Setting up stall at the London Fields Brewery, with its two smallish venues and bars doling out craft beers, there was no danger of big business muscling-in, or of the over-priced rancid burgers that have become part of the landscape of British festivals, which suited everyone. Musically things may have taken their lead from psychedelia but they weren’t all reminiscent of London 1967. The first night of the proceedings had local duo KVB blasting the audience with distorted shoegaze-guitars and hypnotic drum-machine grooves, the Terminal Cheesecake-esque Telescopes and the motorik-flavoured Camera just for starters.
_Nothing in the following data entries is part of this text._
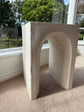 Salida MGO arch-shaped side table rustic white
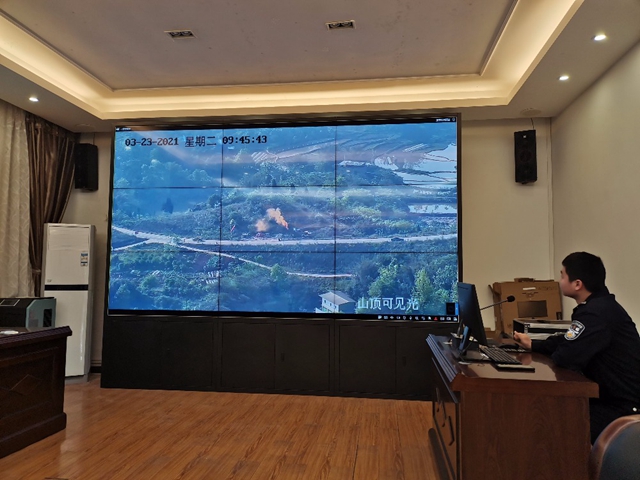江阳区方山云峰寺开展森林防灭火实战演练(图1) 江阳区方山云峰寺开展森林防灭火实战演练(图1)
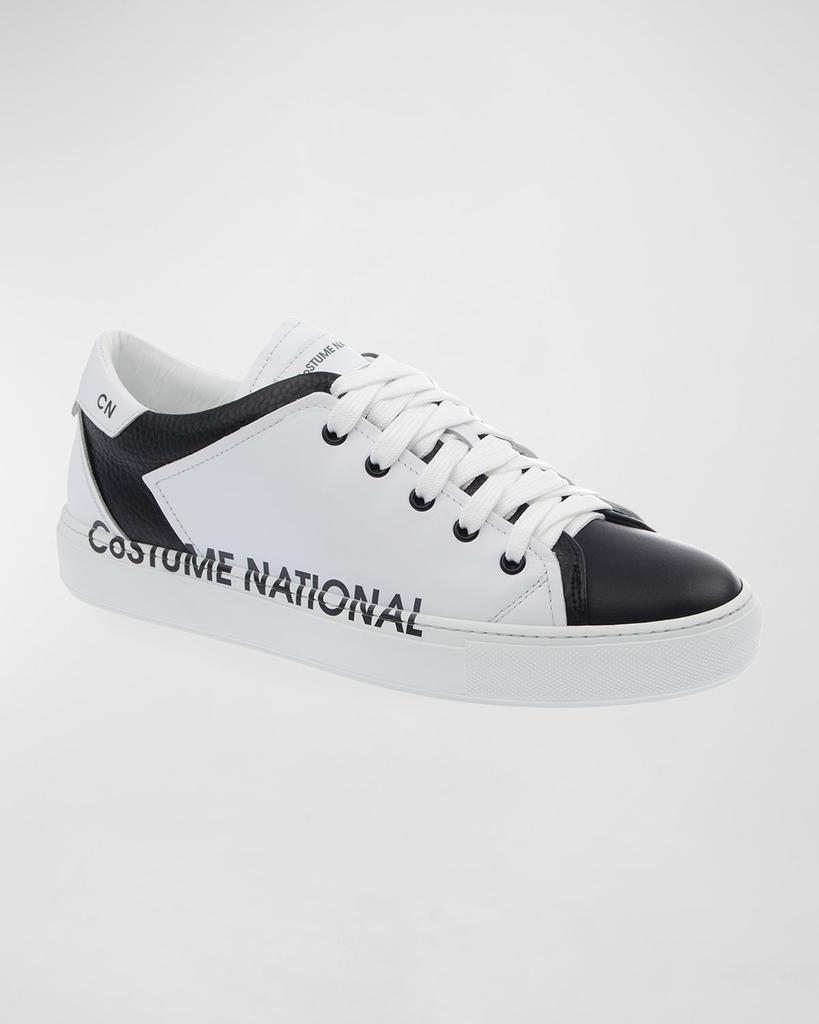 Costume National Men's Logo Bicolor Low-Top Sneakers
The Myrrors in particular laid down some mellow ambient drone soundscapes
The Telescopes particularly lit the night up with a five-guitar assault and as many band members thrashing around in the lively audience as on the stage. They may have looked somewhat like Pavement with Dave Grohl on drums, but the band laid down sheets of fried guitar and a thumping beat that had plenty up on their feet and losing themselves in the groove. The spectacular highlight of Friday evening, however, was Portuguese space-cases 10.000 Russos. Wave after wave of psychedelic drone music was unleashed which had their guitarist “playing” his effects boxes as much as his guitar, while the deep groove drove some in the crowd into a berserker-like frenzy which culminated in cymbals, tambourines and other percussion instruments being passed around and beaten into submission to spectacular takes on the likes of “Karl Burns” and “Stakhanovets” from their self-titled masterpiece from earlier this year. Eventually the band members were pulled from the stage amid much hugging and big smiles – and screaming ear drums. It was a fine end to a wild evening.
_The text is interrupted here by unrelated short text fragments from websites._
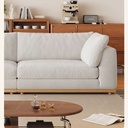 現代簡約發風 直排可拆洗模塊羽絨布沙發 OL-逸語#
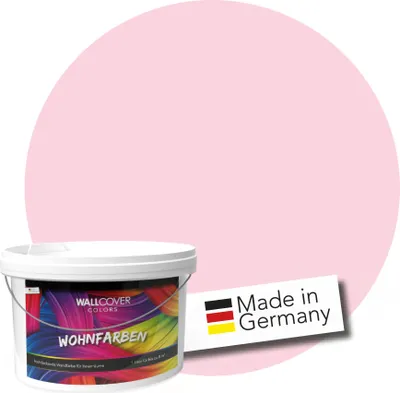 Produktbild von WALLCOVER Wandfarbe Pastell Rosa Hochdeckend Klasse 1 Matt 1L für 8 m²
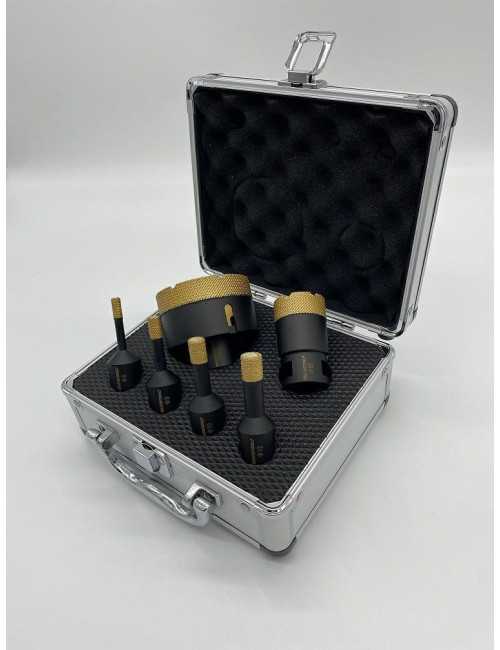 KORONA DIAMENTOWA M14 ZESTAW 6 8 10 12 35 68mm WIERCENIE NA SUCHO INDIAN PROFESSIONAL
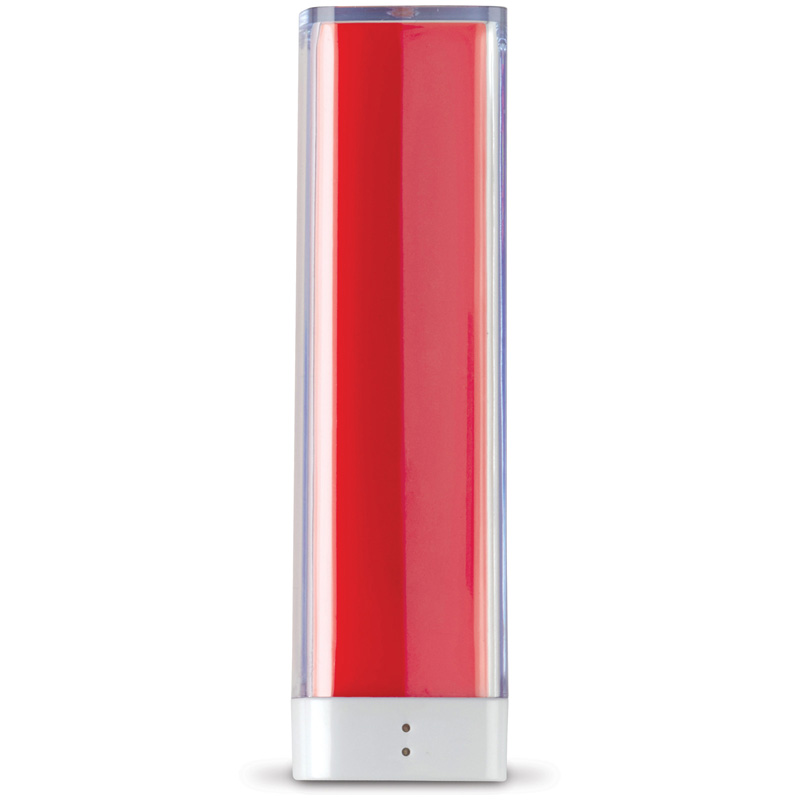 TOPPOINT Powerbank 2200mAh Transparent Transparent Rot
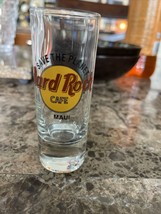Hard Rock Cafe MAUI HAWAII Tall / Double Shot Glass Save The Planet 4" Vintage - $6.33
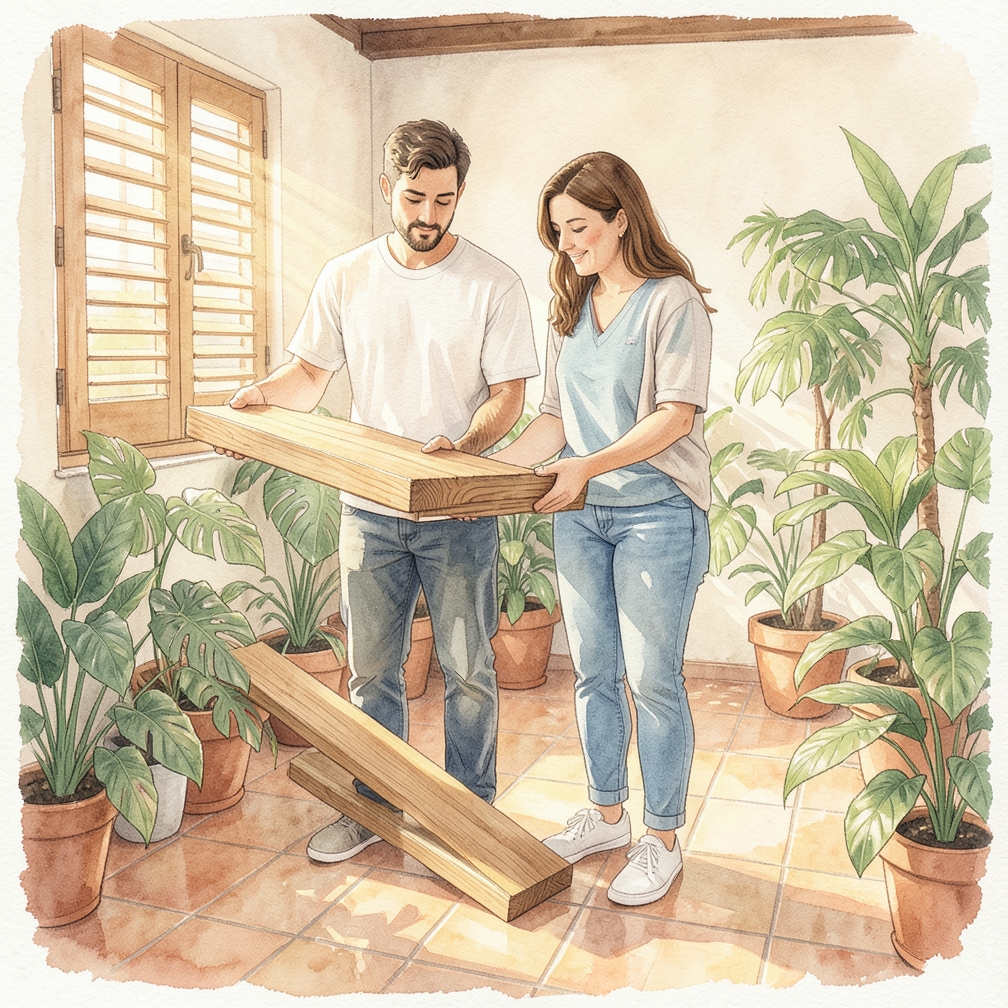 Cortar las tablas si no vienen ya cortadas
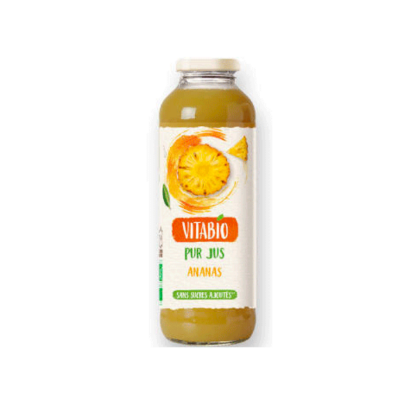 Image de Pur Jus d'Ananas VITABIO 50 cl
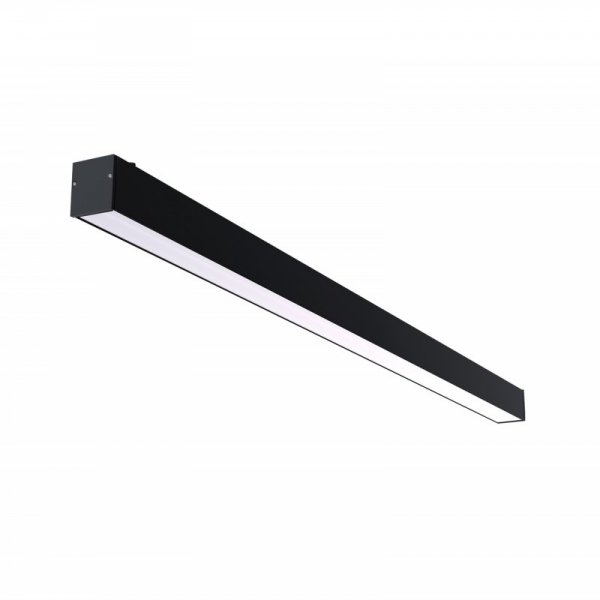 LAMPA SUFITOWA BELKA LISTWA CZARNA NOWODVORSKI CL OFFICE LED PRO 150 3000K 10213 MONTAŻ BEZPOŚREDNI LUB ZWIESZANA NA LINKACH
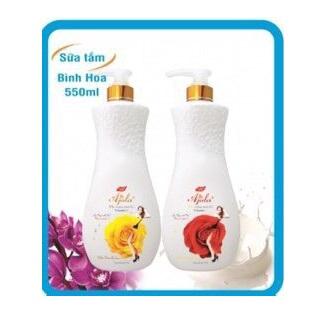 Sữa tắm bình hoa Ajola 550ml hương nước hoa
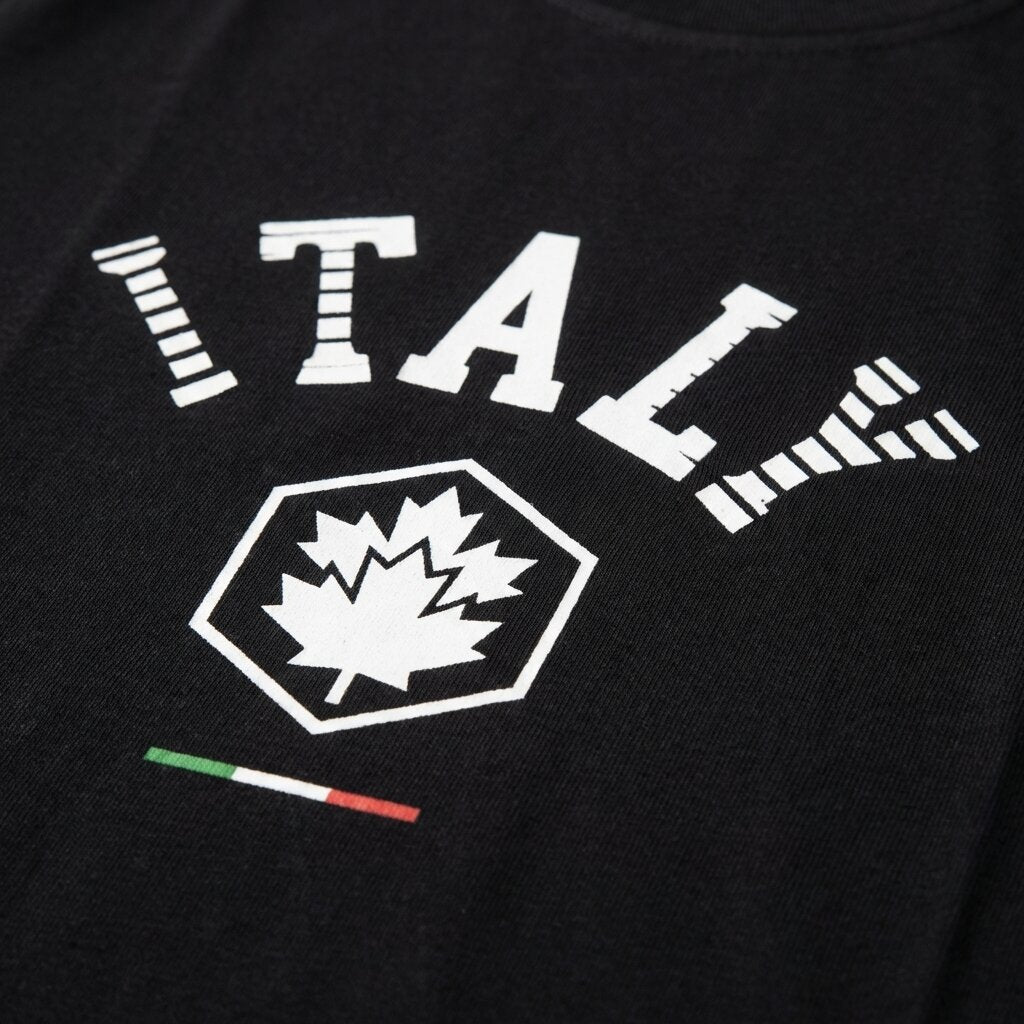 LUMBERJACK MEN TEE ITALY BIG LOGO BLACK - LBJ27001-DGY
The bands proved to be just as eclectic on Saturday with the Spacemen 3-ish Orange Revival, the magnificent Lola Colt and the oceanic Myrrors leading the way. The Myrrors in particular laid down some mellow ambient drone soundscapes that offered an opportunity to chill out among the apocalyptic brain-frying roar. There was again plenty of dancing to be done though, and the Cult of Dom Keller were in the right place at the right time. Melodic fuzz, heavily distorted vocals and an insistent groove again had a good chunk of the crowd bopping along throughout their set. It was Radar Men from the Moon, however, that brought things to a final ending with a hot and sweaty show of loud and driving acid rock with Joy Division-like tinges. It again had some in the crowd dancing with wild abandon and the condensation was pouring down the walls of the venue when the house lights came up.
Disappointingly, the much-anticipated Sonic Jesus had to pull their appearance from the Fuzz Club Weekender due to injury. But on the strength of the audience reaction to their fellow sonic adventurers, they can be sure of a warm reception when they do turn up in the UK.